Having largely been left out of the U.S. recovery over the past decade, low-wage workers are starting to see their incomes rise meaningfully and are pushing for more.

Why it matters: With a tight labor market wherein the number of job openings exceeded the number of unemployed by the largest margin on record, businesses are having to make more concessions to keep low-wage workers and find new ones.

What's happening: Even though Amazon raised its minimum pay for all workers to $15 an hour last year, employees at its Shakopee, Minn., fulfillment center are planning a Prime Day work stoppage to protest productivity quotas and poor working conditions, according to CBS News.

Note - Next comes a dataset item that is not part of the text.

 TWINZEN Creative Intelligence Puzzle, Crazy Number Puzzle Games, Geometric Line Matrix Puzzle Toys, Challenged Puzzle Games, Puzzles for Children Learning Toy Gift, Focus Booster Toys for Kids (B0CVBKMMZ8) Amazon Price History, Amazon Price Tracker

By the numbers: After trailing higher-paid workers for years after the financial crisis, earnings for the bottom 25% of workers have been growing at a rate over 4% since July 2018, while the national average has been stuck near 3%, data from the Atlanta Fed shows.

  • Weekly earnings for the bottom 10% of full-time workers have grown even faster, far outpacing workers at the median.

What they're saying: Research analysts at Goldman Sachs see a "lack of investor concern" about rising wages, they said in a Tuesday morning note to clients. However, the bank's survey data indicates "a record level of corporate concern regarding labor costs."

  • Due to a combination of negative forces, including "tariffs, already-rising inputs costs, and weak economic activity, profit margins are unlikely to rebound in the near future," analysts said.

Reality check: Only the top 10% of U.S. households have fully recovered the wealth they lost in the financial crisis, and company earnings growth has been rising much faster than wages.

The intrigue: Interested parties, including Walmart and Amazon, are lobbying the government to raise the federal minimum wage to $15 an hour, which the CBO said in a report Monday would increase wages for 27 million Americans, but also cost 1.3 million jobs and "reduce total real (inflation-adjusted) family income in 2025 by $9 billion, or 0.1 percent."